Takigawa made her professional wrestling debut in Tokyo Joshi Pro-Wrestling at TJPW You Grow Up on September 22, 2015, where she fell short to Miyu Yamashita in a Singles match. During her time in the promotion, she was part of the Neo Biishiki-gun stable and chased after various championships promoted by it. She won the Princess Tag Team Championship alongside Sakisama at Let's Go! Go! If You Go! When You Go! If You Get Lost You Just Go to Nerima! on May 3, 2018 by defeating MiraClians (Shoko Nakajima and Yuka Sakazaki). At TJPW At This Time, Get Excited In Narimasu! on April 8, 2017, she unsuccessfully challenged Yuu for the Princess of Princess Championship. Takigawa wrestled her last match at TJPW 5th Anniversary Shin-Kiba Tour 2018 Autumn One on October 27, 2018, where she faced the likes of Hikari Noa, Hyper Misao, Maki Itoh, Tetsuya Koda, Reika Saiki, Yuki Kamifuku, Yuna Manase and others in a best three-out-of-five falls 18-on-one handicap match.

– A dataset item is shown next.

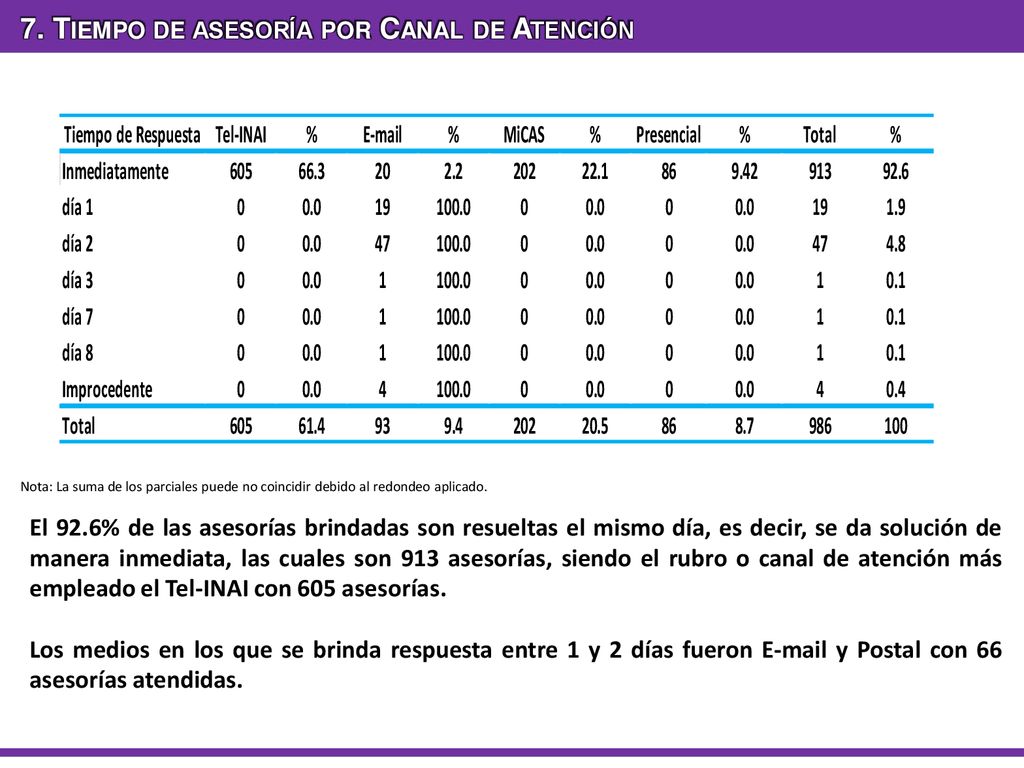 7. Tiempo de asesoría por Canal de Atención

===DDT Pro-Wrestling (2016–2018)===
Due to being a TJPW wrestler, Takigawa is known for competing in sister-promotion DDT Pro-Wrestling. She made appearances in several of the promotion's signature events such as the DDT Judgement, marking her first performance at Judgement 2016: DDT 19th Anniversary on March 21 where she participated in a 13-woman battle royal won by Yuka Sakazaki and also involving Ai Shimizu, Marika Kobashi, Nodoka Tenma and others. At Judgement 2017: DDT 20th Anniversary on March 20, she teamed up with Reika Saiki and Rika Tatsumi in a losing effort against Yuu, Mil Clown and Maki Itoh. Another branch of events in which Misao has worked is DDT Peter Pan, making her first appearance at Ryōgoku Peter Pan 2017 on August 20, where she competed in a Rumble rules match for the Ironman Heavymetalweight Championship won by Yuu and also involving Yuna Manase, Mizuki, Maho Kurone and others. She has also made appearances in non-flagship events such as the DDT/Saki Akai Produce DDT Collection from March 14, 2018, where she competed in a GM for a day match won by Kazuki Hirata and also involving notable male opponents of the roster such as Akito, Antonio Honda, Danshoku Dino, Harashima, Konosuke Takeshita, Yuki Ueno, Yuko Miyamoto and female, such as Yoshiko.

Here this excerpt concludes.